AIM OF THE EXERCISE> The copy should hold exactly the lines below from the one that contains "Hisar News: हिसार" through the one that contains "Haus Antje Отель Аренсхоп" and nothing else, so no pictures.

MATERIAL PROVIDED>

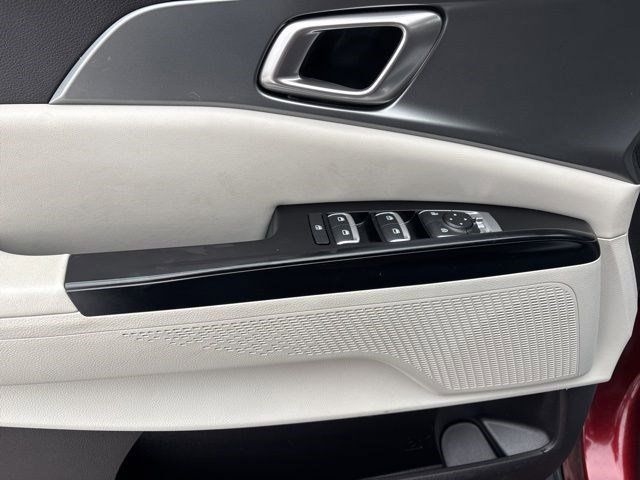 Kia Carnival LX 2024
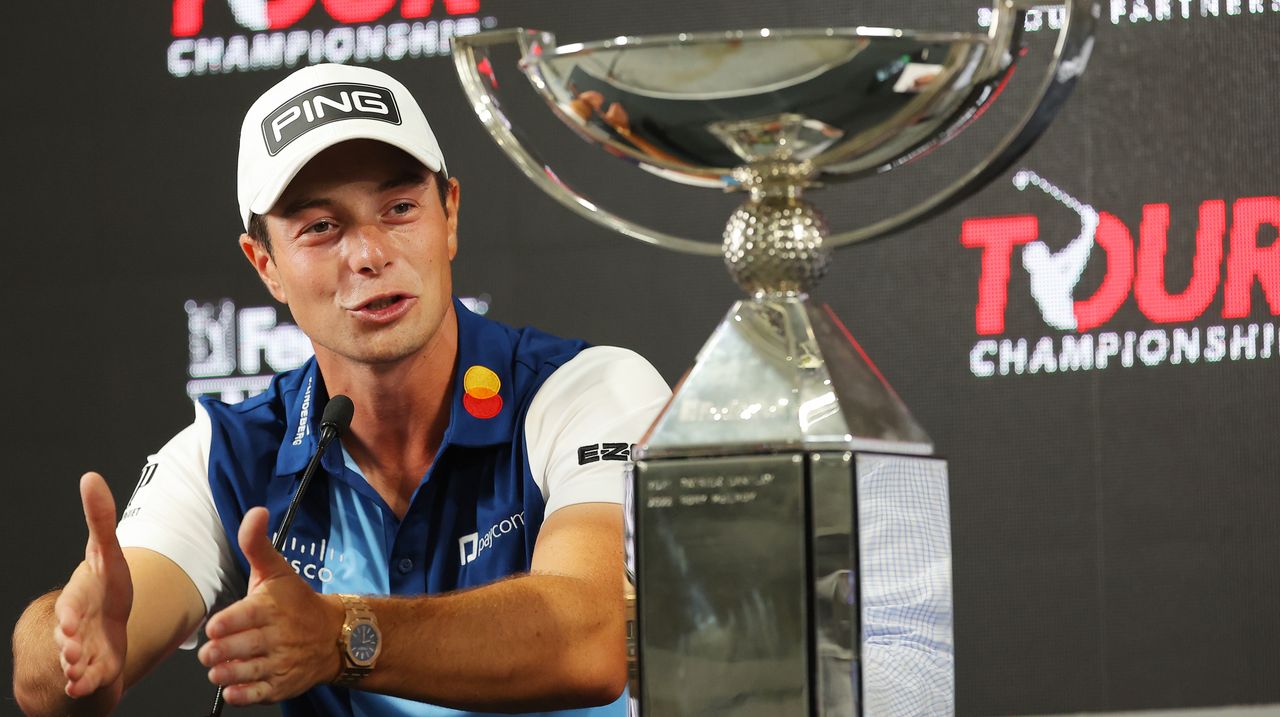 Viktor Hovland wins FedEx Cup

--

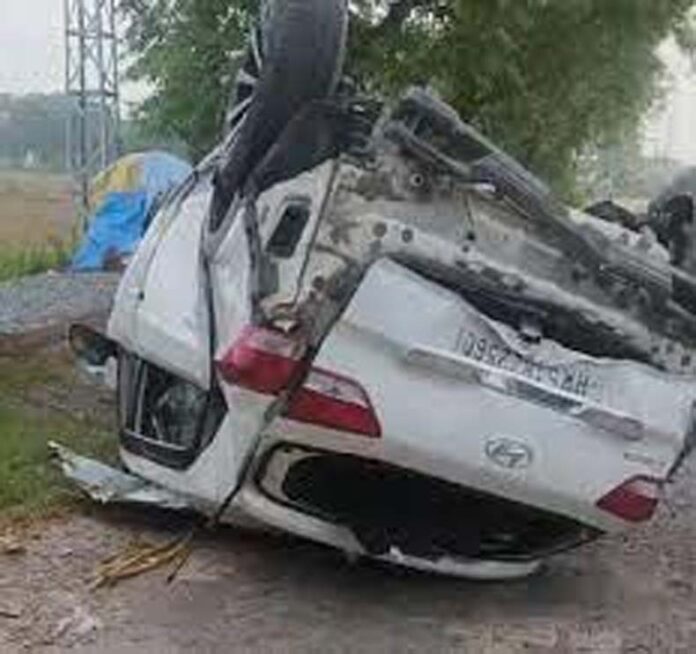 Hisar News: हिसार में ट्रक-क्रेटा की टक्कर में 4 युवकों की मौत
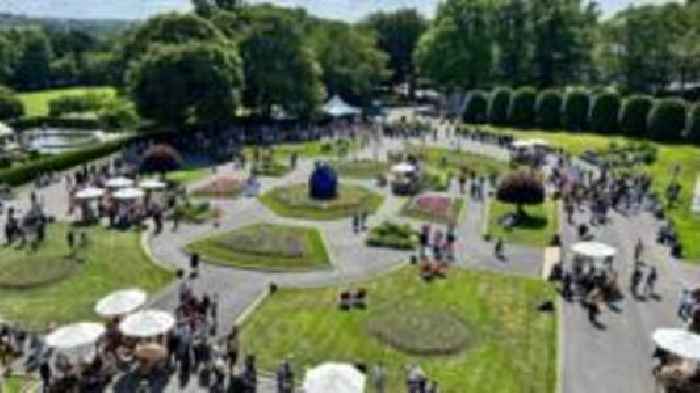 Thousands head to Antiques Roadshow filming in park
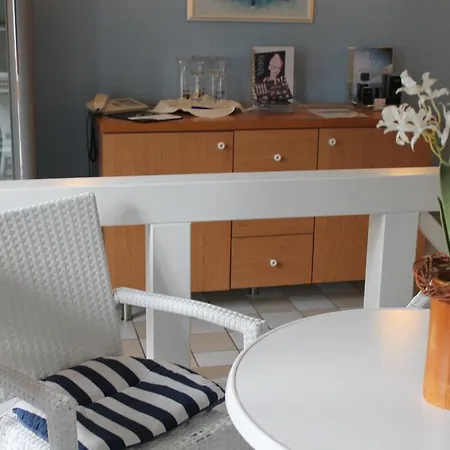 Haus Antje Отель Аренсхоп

==

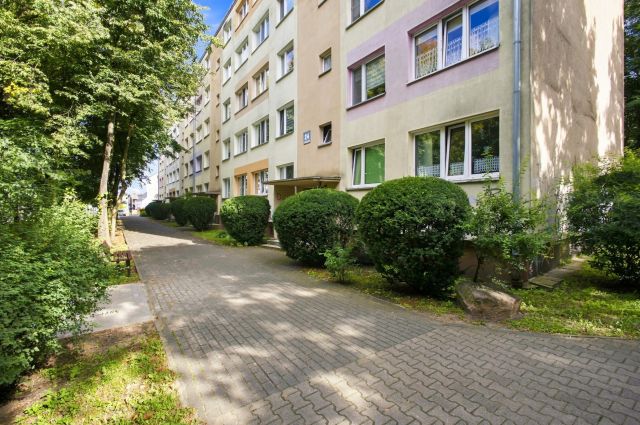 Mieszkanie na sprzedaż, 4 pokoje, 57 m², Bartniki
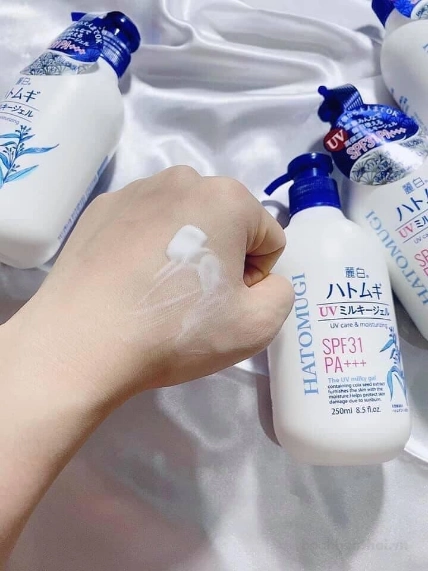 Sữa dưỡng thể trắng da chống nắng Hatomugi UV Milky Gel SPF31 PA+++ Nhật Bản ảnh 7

RESPONSE AREA>
 Hisar News: हिसार में ट्रक-क्रेटा की टक्कर में 4 युवकों की मौत
 Thousands head to Antiques Roadshow filming in park
 Haus Antje Отель Аренсхоп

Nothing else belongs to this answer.